A year and change ago some lads on 4chan[nel] were talking Halo books. I wasn't up for a book stuffed with spoilers but some prequels made the list, most notably Nylund's Fall of Reach. There's also Evolutions. It's been ten months but at last, maybe a fortnight ago, I found several such books, used. I got Contact Harvest and The Cole Protocol.
These two were reviewed by Rev. Garrick Sinclair Beckett at the Lutheran Column, here and here respectively. Beckett, I posit, reviewed them in the order in which they should be read. Contact Harvest is the prequel inasmuch as it details first-contact at the planet Harvest (hence the name). But - and here you'll find me disagreeing with a Lutheran, however characteristic of this blog - it's not as good. And thematically I got more out of The Cole Protocol.

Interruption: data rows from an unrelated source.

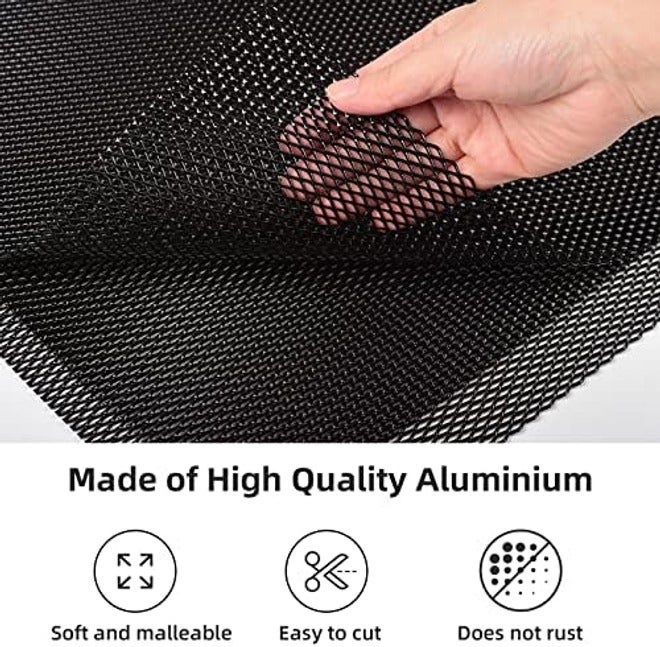 AggAuto 40"x13" Car Grill Mesh - Black Aluminum Alloy Rhombic Hole Bumper Grille Insert, Universal Fit - Image 5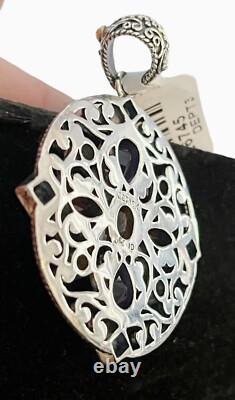Balinese Design Sterling Silver GOLDEN TOPAZ Scroll Pendant Hand Made Art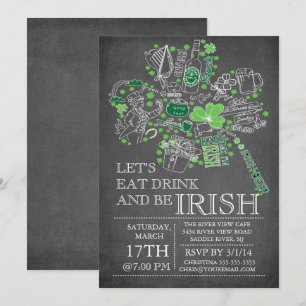Chalkboard St. Patrick's Day Bash Middag Party Inbjudningar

CH's problem is that its narrative frames a lore-dump ("so THAT's how it happened!"). Its author Joseph Staten was actually a major writer for the first two games, but hadn't written a novel yet. It's not that "it shows"; Staten proves himself a competent novelist, and I'd happily buy a later book of his. It's just that to give life to a lore-dump / backstory-script, requires a great novelist, if it can be done at all.

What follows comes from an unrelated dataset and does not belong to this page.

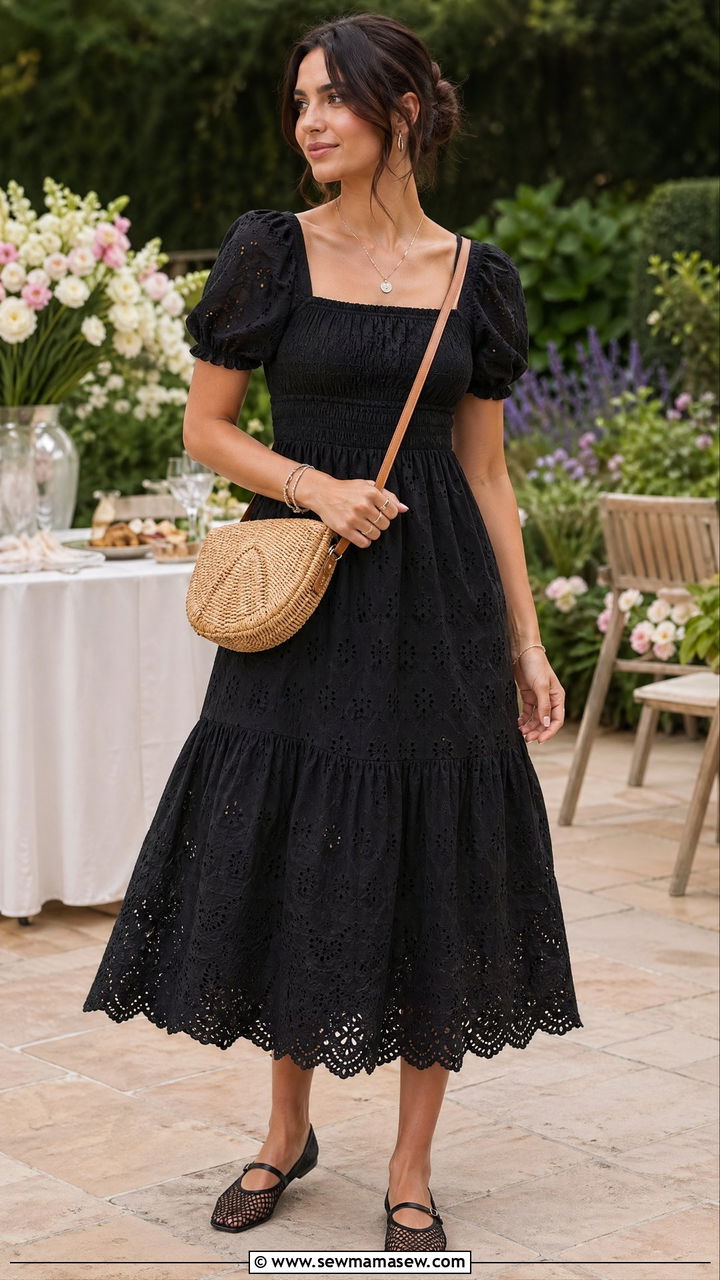 Black Broderie Anglaise Dress Summer Outfit - 35 summer black outfit ideas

TCP by contrast deals with one of the outlier worlds - now a system, on account the Covenant has just got through turning its human-inhabited world into a lavaball. Tobias "Dirt" Buckell here wasn't putting lore into text; he was mopping up the first game's plotholes, sort of doing a fanfic. The main plothole here: how do Covenant races react to the most unCovenantal decision in Covenant history, here that humans aren't to be converted like (say) Kig-Yar and Unggoy, but to be exterminated. Buckell proposes that the implementation of this eternal-doctrine went in stages, that at least the Kig-Yar might make side-deals.
Both books were worth my time. TCP is a 4/5 over CH's 3/5.